No caso do ex-presidente Fernando Collor, o STF entendeu que a condição de ex-presidente da República garante o cumprimento da pena em ala especial de presídio, com cela individual.

Eu disse “ala especial de presídio, com cela individual” e não superintendência da polícia federal!

Lula, quando era ex-presidente, passou 580 dias preso na superintendência da polícia federal porque estava cumprindo pena após condenação em segunda instância, ou seja, antes do trânsito em julgado de sua condenação.

A prisão de Fernando Collor de Mello, após a determinação do cumprimento imediato da pena (trânsito em julgado) pelo STF, ocorreu em um presídio comum, e não na sede da Polícia Federal.
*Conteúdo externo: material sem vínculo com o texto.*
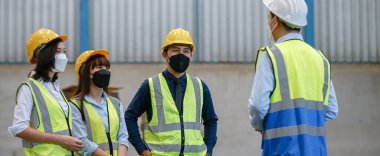 Üniformalı ekip çalışması mühendisi koruma maskesi takıyor. Beyin fırtınası atölyesi endüstriyel fabrika binası. toplantı işçi takımı.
Ainda que em uma cela especial dentro de uma ala especial da unidade prisional, Collor, após o trânsito em julgado de sua condenação, foi para o Presídio Baldomero Cavalcanti de Oliveira, em Maceió (AL).

Depois saiu, por questões de idade e estado de saúde alegadas pela defesa (apneia do sono, transtorno bipolar e Parkinson inicial).

Bolsonaro, portanto, teria que ter iniciado o cumprimento da pena definitiva em ala especial da Papuda, ainda que em cela individual.

Mantê-lo na superintendência da PF é muita deferência para um traidor da pátria, golpista, que foi o chefe da orcrim que quis abolir o Estado de Direito no Brasil.

As questões de saúde alegadas agora também vejo como muito precoces, uma vez que, até ontem, ele estava tranquilo comendo farofas, leite condensado, cachorros quentes e todo pirilampo em potentes motocicletas e jet ski.

Compará-lo a Lula então, que nem pena definitiva tinha quando passou injustamente 580 dias preso na PF, é uma infâmia falaciosa que deve ser rechaçada por todos nós.

Não é punitivismo, não é vingança! É escrever corretamente a História, por linhas retas!

Bolsonaro na Papuda faria jus ao caso e seria pedagógico, para ele e para toda a nação.

•        Sem líder claro, direita está dividida após prisão de Bolsonaro, diz Economist

Uma reportagem da revista britânica The Economist publicada nesta sexta-feira (28/11) afirma que a direita brasileira está dividida após a prisão do ex-presidente Jair Bolsonaro, e que não surgiu ainda um líder claro para ser o candidato à eleição presidencial de 2026.

"A menos de um ano das eleições, a direita brasileira não tem um líder claro. As disputas internas entre os potenciais candidatos estão aumentando", afirma a Economist.

A reportagem cita como possíveis candidatos os governadores Tarcísio de Freitas (de São Paulo), Ronaldo Caiado (de Goiás) e Romeu Zema (de Minas Gerais), além de Eduardo e Flávio Bolsonaro.

A revista afirma que há alguns meses "o cenário era bastante diferente", com queda da aprovação do presidente Luiz Inácio Lula da Silva, devido ao aumento do preço dos alimentos e da pouca presença da esquerda nas mídias sociais. Nesse momento, a direita parecia estar em vantagem.

"Em muitos aspectos, a própria família de Bolsonaro é culpada pela mudança na sorte da direita", afirma a reportagem, citando o que chama de lobby de Eduardo Bolsonaro junto aos republicanos contra o julgamento de seu pai.

A resposta americana veio na forma de um tarifaço do governo de Donald Trump contra produtos brasileiros.

"Enquanto Lula chamava a família Bolsonaro de 'traidores da pátria', os ambiciosos candidatos de direita se viram em uma situação delicada. Tentando se dissociar das impopulares tarifas, eles também queriam demonstrar apoio a Bolsonaro: qualquer candidato de direita precisa de sua bênção para ser competitivo nas eleições", afirma a revista.

A Economist pontua que, com as negociações entre Trump e Lula e anúncios de recuos no tarifaço, a direita entrou em uma disputa interna envolvendo a família Bolsonaro e outros candidatos, enquanto o governo Lula "recuperou sua confiança", aprovando medidas populares como o aumento da faixa de isenção do Imposto de Renda.

A revista afirma que a direita "está perdendo o debate sobre soberania, tarifas e impostos", e por isso agora "está atacando o ponto fraco de Lula: a segurança" — citando a ação policial no Rio de Janeiro contra traficantes em outubro.

"Muita coisa ainda pode dar errado para Lula. A maioria dos brasileiros acha que o político de 80 anos não deveria se candidatar novamente. Sua reforma do imposto de renda pode aumentar a inflação ao impulsionar o consumo", afirma a revista.

"Mas, por ora, o maior beneficiário do legado caótico de Bolsonaro é Lula."